SEMARANG, beritajateng.tv – Reaksi masyarakat yang marah dan khawatir pasca DPR RI mengesahkan UU TNI pada Kamis, 20 Maret 2025 pengamat nilai wajar.
Pengamat politik asal Universitas Diponegoro, Nur Hidayat Sardini (NHS), menegaskan ingatan dan trauma rakyat Indonesia terhadap kejadian 1998 belum hilang meskipun telah 27 tahun berlalu.
Kepala Departemen Ilmu Pemerintahan itu turut bercerita bagaimana kebebasan akademik di universitas direnggut oleh rezim sebelum reformasi. Pada saat itu, kata NHS, Dwifungsi ABRI di bawah kepemimpinan Presiden ke-2 Soeharto begitu mencekam.
“Ingatan kolektif masyarakat belum hilang terhadap sepak terjang ABRI pada waktu itu yang memang sangat ekstensif. Apalagi generasi seperti saya itu merasakan langsung, karena kebebasan di kampus pun juga sangat terasa,” ucap NHS, Kamis, 20 Maret 2025 malam.
BACA JUGA: Ratusan Mahasiswa Semarang Marah Imbas DPR RI Sahkan UU TNI, Khawatir Abuse of Power Militer
Pada saat itu, tutur NHS, ideologi Demokrasi Pancasila yang Indonesia anut begitu tak berarti. Datangnya reformasi pun sebagai angin segar atas masa yang mencekam itu.
“Nah, reformasi merevisi atas itu semua, karena salah satu visi reformasi adalah penghapusan Dwifungsi ABRI dan itu menjadi menjadi konsensus nasional, hasil dari reformasi perjuangan mahasiswa dan kaum intelektual yang rakyat dukung,” ucap NHS.
Ia menegaskan, amanat reformasi utamanya ialah mengoreksi keterlibatan ABRI dalam seluruh lini kehidupan kemasyarakatan, kebangsaan, dan kenegaraan.

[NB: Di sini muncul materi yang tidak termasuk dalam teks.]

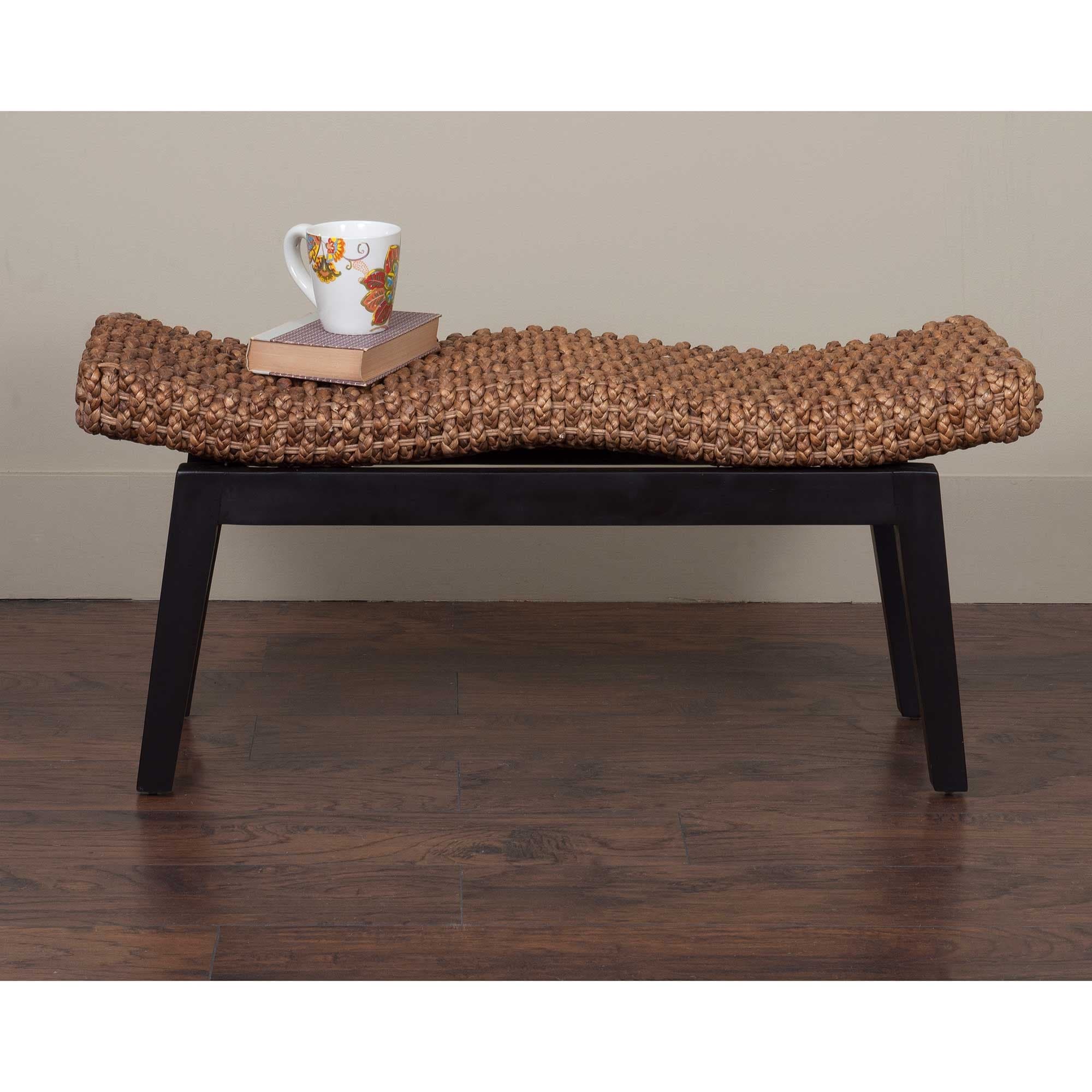 Handwoven Natural Wicker And Teak Wood Bench by East at Main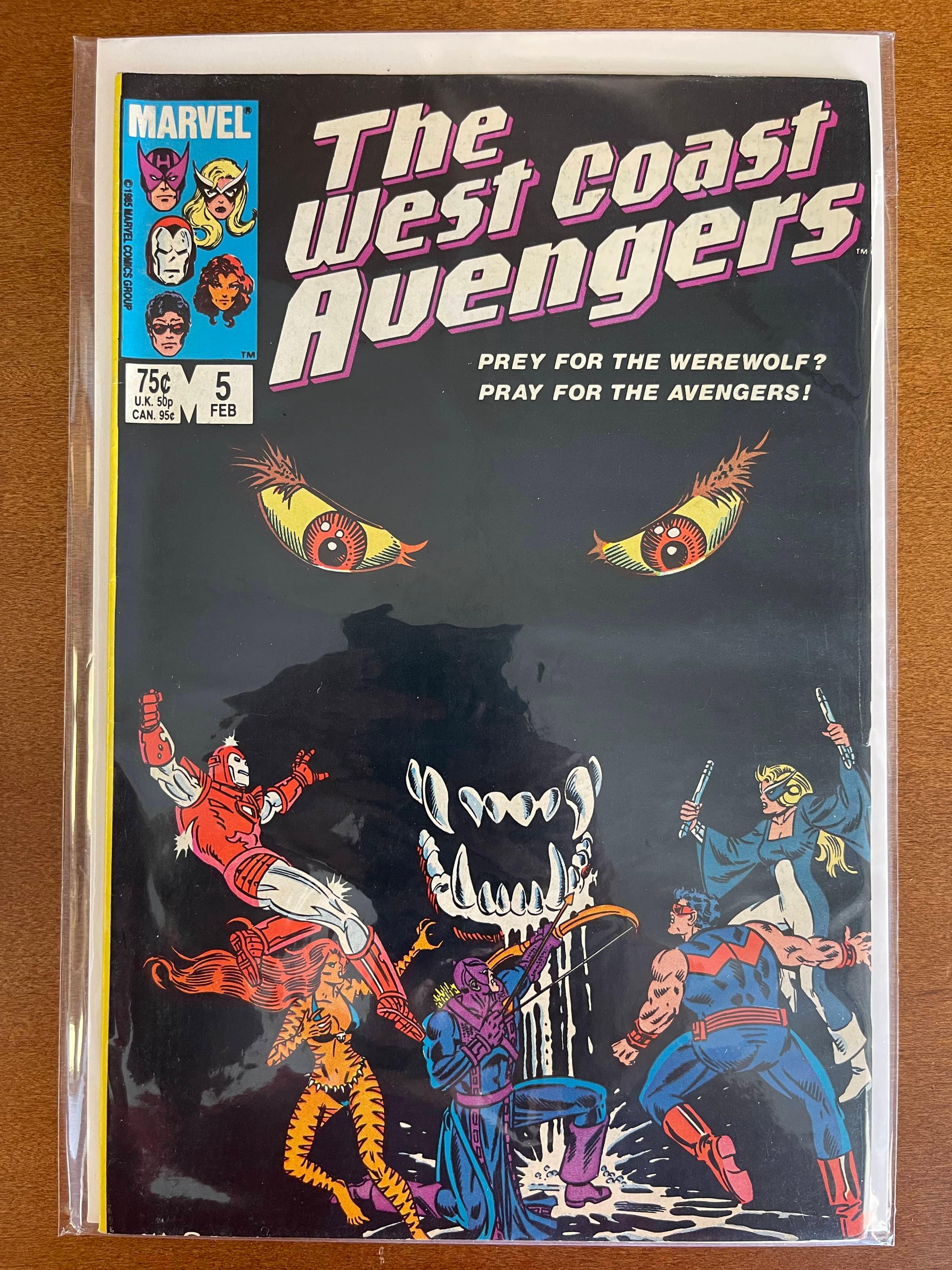 West Coast Avengers Comics #5 Marvel Comics 1986 Copper Age Werewolf By Night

“Lalu ada kompensasi ABRI sekedar sebagai alat pertahanan. Dan itu amanat dari reformasi. Kenapa orang takut dan khawatir ya pantas, karena trauma sejarah itu belum hilang dari ingatan kolektif. Masih sangat terasa karena hampir seluruh lapisannya pun juga masih hidup,” ucap NHS.
DPR RI tergesa-gesa rumuskan serta sahkan UU TNI
Lebih lanjut, NHS mengungkap DPR RI yang menurutnya tergesa-gesa merumuskan dan mengesahkan UU TNI turut memantik amarah masyarakat.